§ PROBLEM REQUIREMENTS
Everything from the line with "Midsection of doctor" to the line with "Air Force Blue" in the listing below, both lines included, needs to be copied exactly, apart from the pictures.

§ RAW DATA
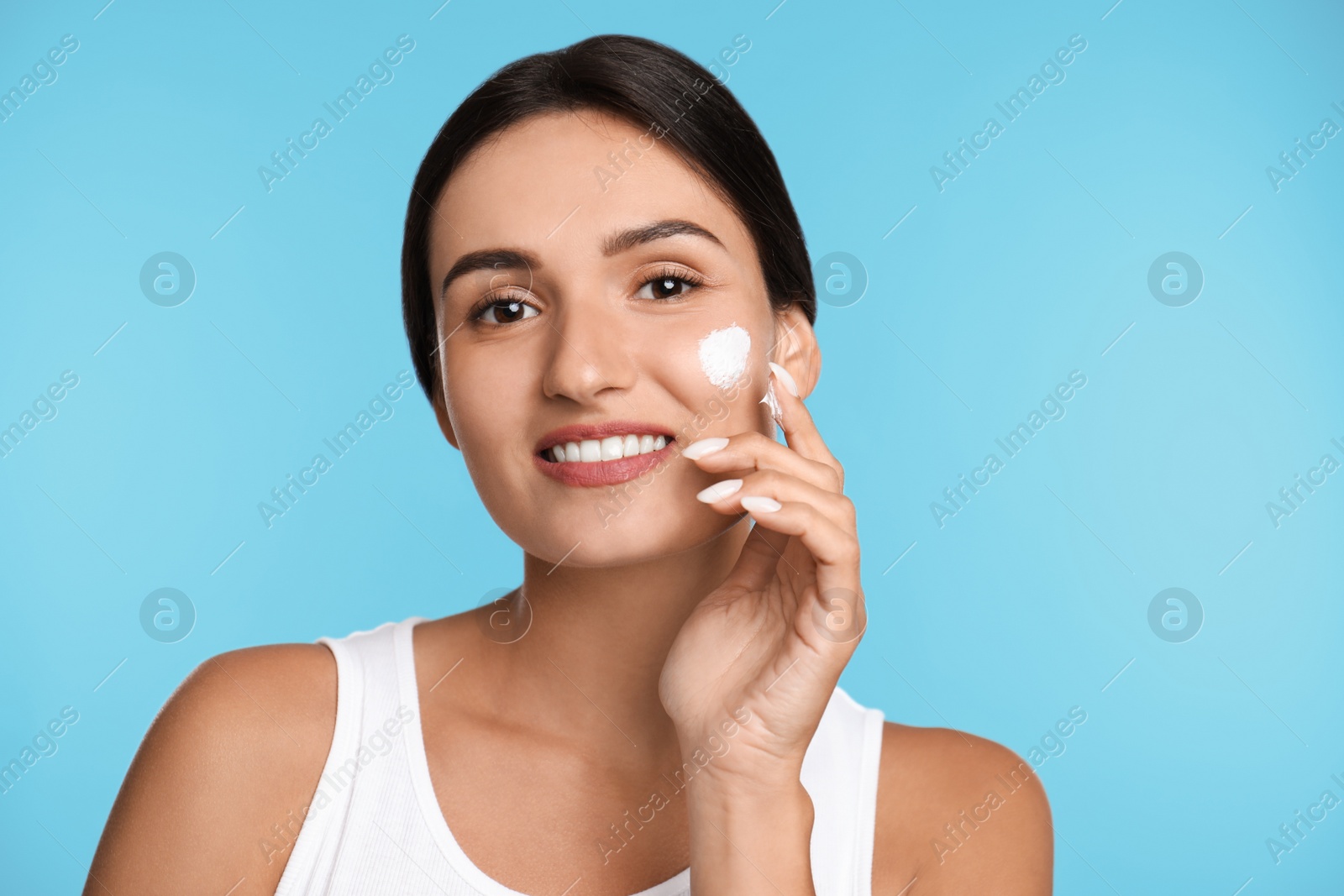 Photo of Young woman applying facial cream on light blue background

--

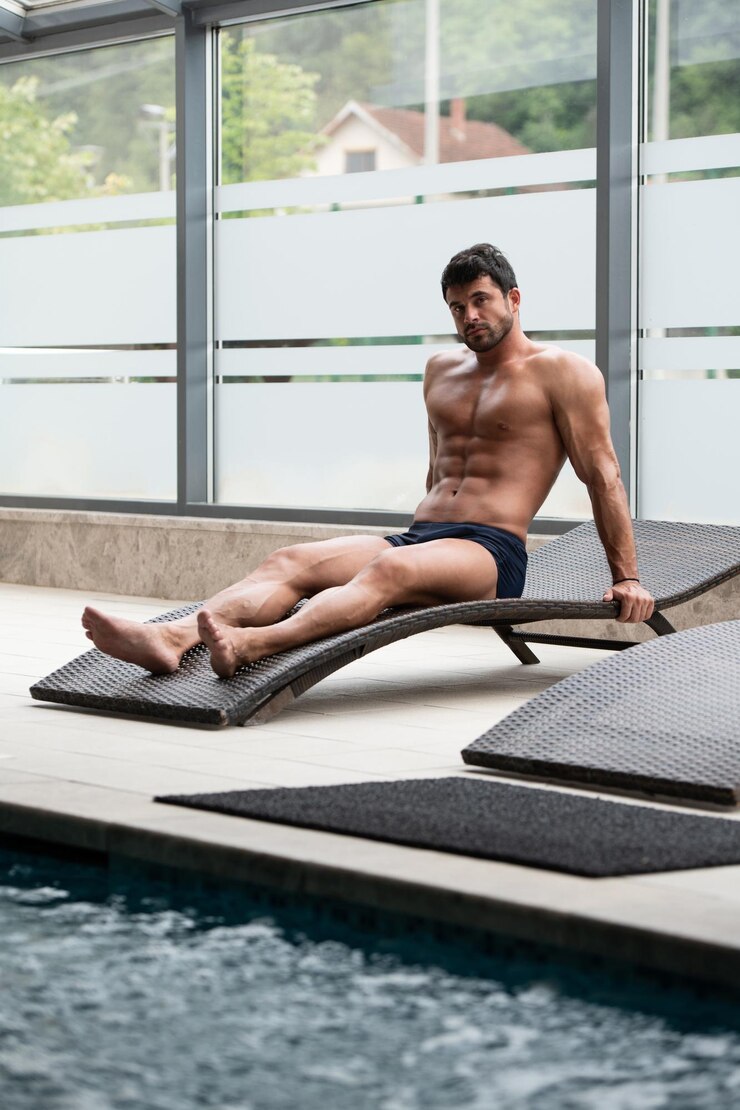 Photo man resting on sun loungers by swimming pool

---

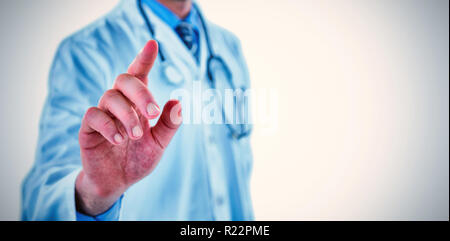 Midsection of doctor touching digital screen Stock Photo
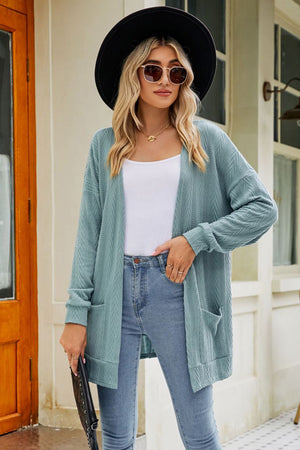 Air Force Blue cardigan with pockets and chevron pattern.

§ EXPECTED ANSWER
 Midsection of doctor touching digital screen Stock Photo
 Air Force Blue cardigan with pockets and chevron pattern.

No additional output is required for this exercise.